Chapter 13 #4

“I can’t marry you as I am.” He closed his eyes. “I have no source of income, no way to make money, and—once the hospital bill comes due—no savings. It’s going to take a considerable amount of time to find something I’m qualified to do and dig myself out of this chasm.”

“Look at me,” she demanded—no longer teasing.

As he opened his eyes, she grasped his face with both hands, jaw set.

“I want you as you are. Do you hear me, Peter Blackwell? We will be fine. Your brewing amounts to earning rent. My wages will keep us fed—we’ll have enough left over for us after helping Lydia.

We’ll pay off the hospital bills eventually.

We will. Good God, you know very well I’m not marrying you for your income potential!

I want to see you every day, to talk to you in private whenever I please, to go into your, our, bedroom at night—”

She broke off, breathing unsteadily. His skin tingled. His heart thudded in his ears. She had him the moment she began to argue her case, but he wasn’t about to let her stop now.

“Yes?” he whispered, shifting closer. “Go into our bedroom and …?”

“Undress you.” She let out a shuddering breath as he slipped an arm around her waist. “And watch you undress me.”

He shifted one of her hands so he could kiss her palm. “Go on.”

“I want to—to see you and touch you—oh,” she said, as he put his lips against the sensitive skin on her wrist and worked up her inner arm. Her eyes fluttered closed. “I want you—I want you—”

He kissed her. They were as tightly pressed together as their clothes allowed, his right hand wrapped in her hair, his left on the sweet curve of her bottom, when he came to his senses and pulled back.

“Rosemarie,” he said, casting an eye down their intertwined, supine bodies, “would be horrified.”

Beatrix’s throaty laugh almost broke what was left of his self-control. He scrambled to his feet, because vertical was safer than horizontal, and helped her up.

“Have I convinced you?” Her question sounded casual, but her hand clutching his belied it.
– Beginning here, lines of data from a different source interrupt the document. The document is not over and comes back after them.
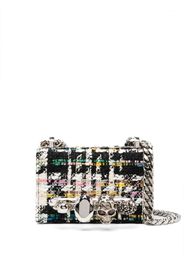 Alexander McQueen Jewelled tweed mini bag - Schwarz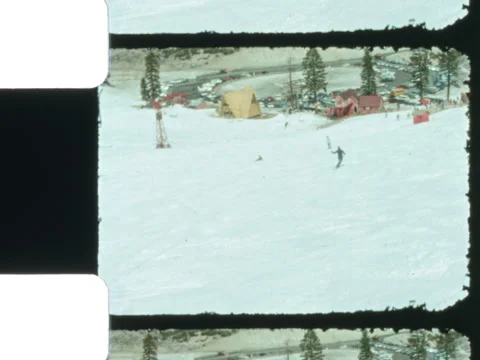 Slide Mountain Nevada 1966 Skiing Down 4 Stock Footage 306997967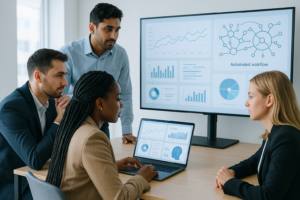Business team reviewing AI automation dashboards and digital marketing performance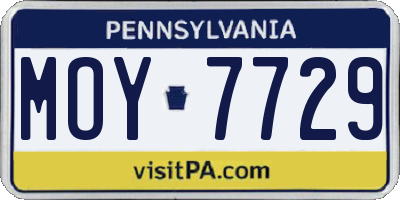 PA license plate MOY7729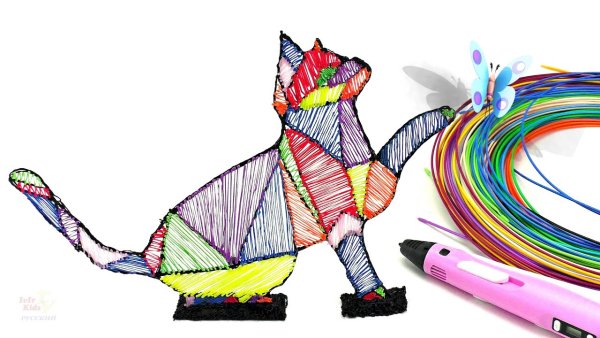 Кот 3d ручкой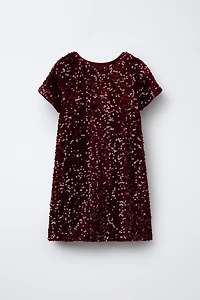 SEQUIN VELVET BOW DRESS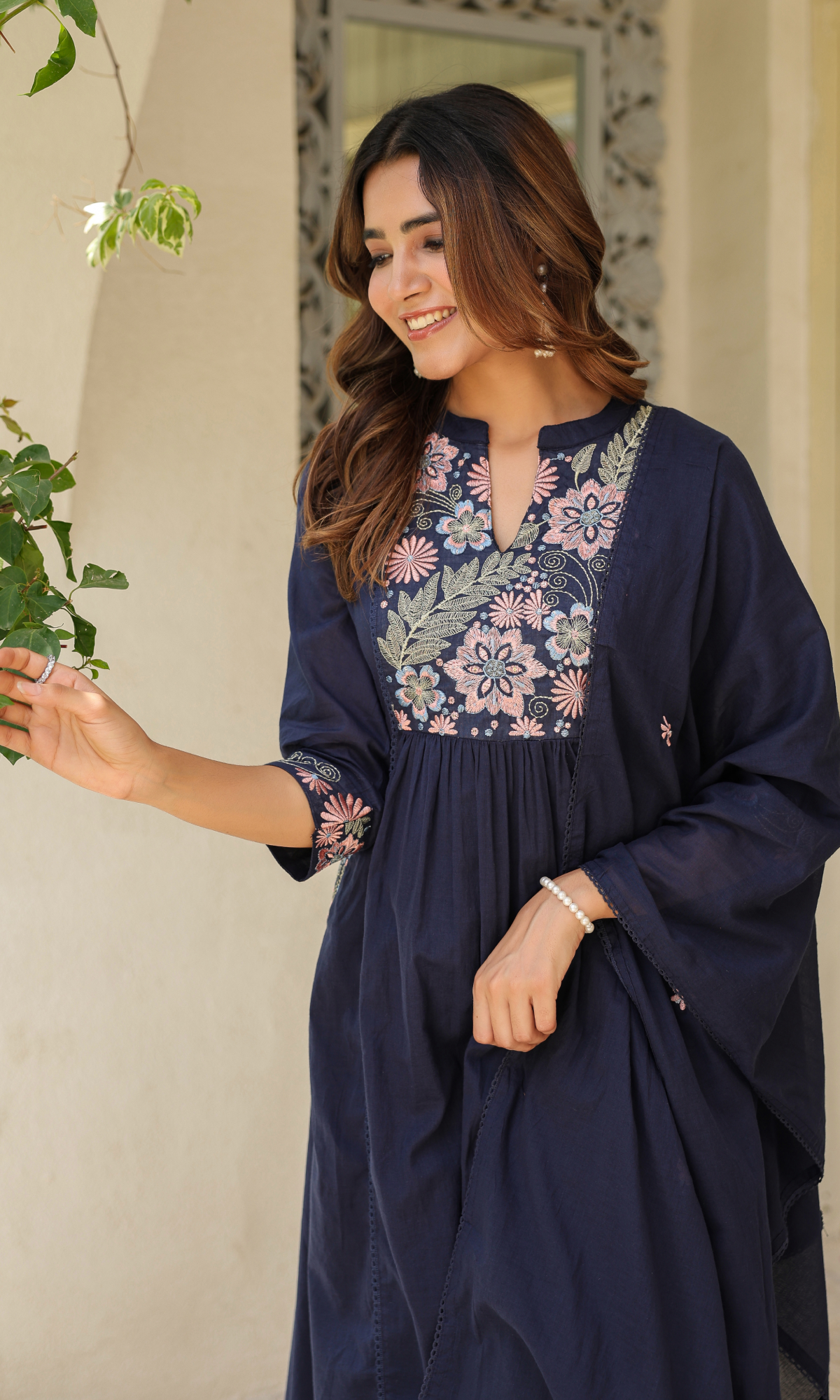 Navy Blue Semi Cotton Floral Embroidered Anarkali Suit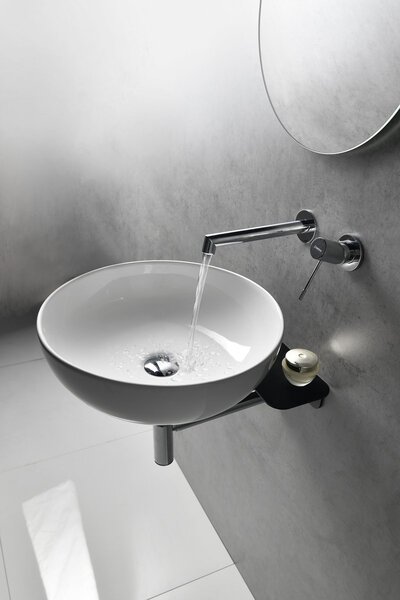 Sapho Tetris, nástenné okrúhle umývadlo s držiakom pre podomietkovou batériu, 415x140mm, biela, TZ429-02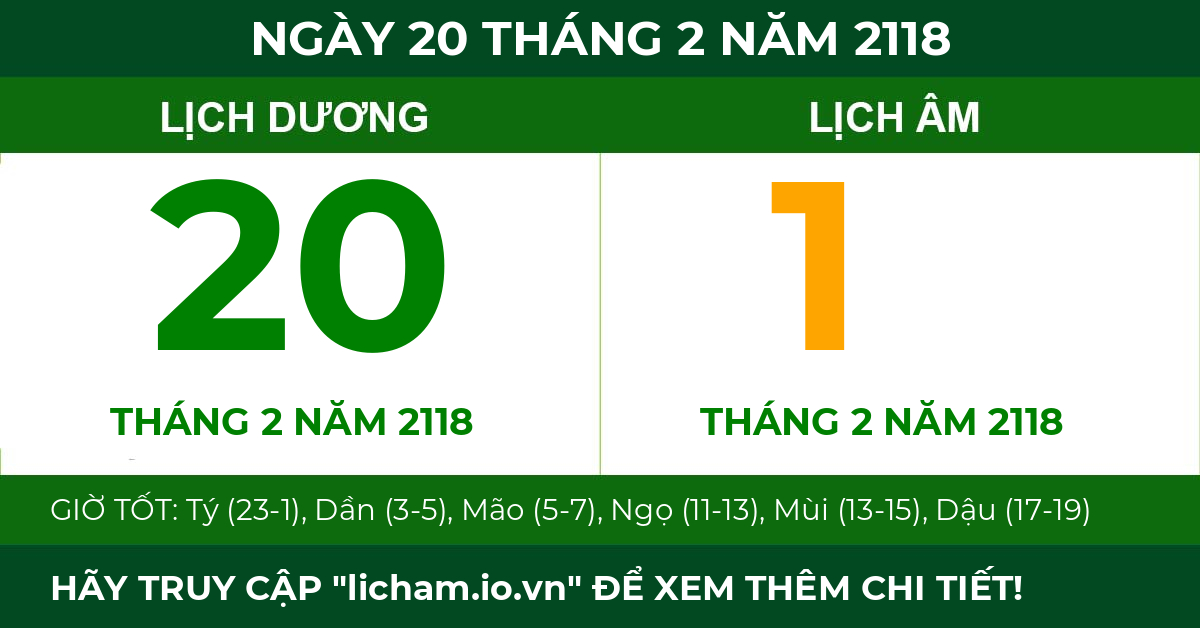 lịch âm ngày 20 tháng 2 năm 2118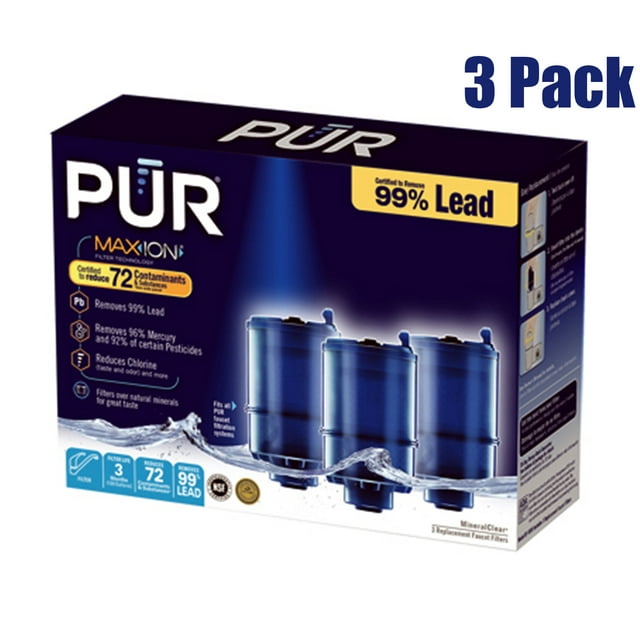 3 Pack Pur® RF9999 Water Filter Replacement Compatible with Pur® Faucet Models FM2500V, FM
He nodded.

“I ought to stick to my principles,” he said, “but it’s so tempting to be selfish when the person you’d be taking advantage of is urging you on.”

She made a face at him. “You promised me an enlightened marriage. How exactly is it taking advantage of me if we’re both contributing?”

“The hospital bill—”

She kissed him. He suspected that was for want of a better argument, but it worked, because he had no desire to press it further.

“Just tell me this,” he said. “How on earth did you realize my intentions about the wedding before I said a word about them?”

She smiled, and there was such beauty in the crinkle of her eyes, the crooked quirk of her lips, the arch of her eyebrow. “Oh, I know you, Peter Blackwell. Inside and out.”

“Plagiarist,” he said in her ear, drawing out the word, making her laugh.

She held him tightly for a moment before stepping back. “We’ll have to leave pretty soon.”

“Yes.”

“We’d better do something so we don’t look like we were rolling around on the floor,” she said, reaching out to tuck behind his ear a strand of hair that had escaped his queue.

They both had a layer of grimy dust down their backs and the sides they’d leaned on. He told Beatrix the spellword she needed to fix the problem and held back a grimace as her magic washed over him. Why did his loss feel so much keener whenever she cast, as if one had anything to do with the other?

“Oh,” she said, eyes widening. “Peter—bend down, let me see the top of your head.”

He did, knowing immediately what she was looking for. Once, he had searched her hair for any sign of silver. Now she was checking to see if the roots of his hair were brown.

“I think I’d better cast that color spell,” she murmured.

It shouldn’t have mattered—he knew this was coming, and it told him nothing he didn’t already know. But his stomach sank all the same.

Forty-five minutes later, clothes neat and hair color obscured, they boarded a Washington-bound train. The furtive looks and hushed murmurs began almost immediately. Blackwell. Harper. Scandal.

He glanced at Beatrix. She looked completely unsurprised, which said volumes about what she dealt with every day.

“I’m sorry,” he murmured. “I never considered what the train was like for you. I’ll drive you to work from now on.”

“It’s—it’s not too awful,” she whispered, then shook her head. “All right. It is. I will gladly let you rescue me from it.”

They rode the rest of the way to D.C. in silence.

He didn’t want this warped fame that had overtaken them.

He didn’t want to mislead the authorities about Garrett or live in fear that police actually would find the man.

All he’d wanted when he came to town was to fix a mistake, one he now had no ability to do anything about, and he’d gone so far down the rabbit hole that he wondered if he would ever be permitted to surface again.

A mournful sigh escaped him as the train pulled into Union Station. Beatrix shifted closer and slipped her hand into his.

They were in this hole together. That shouldn’t have made it more bearable, but selfishly, it did.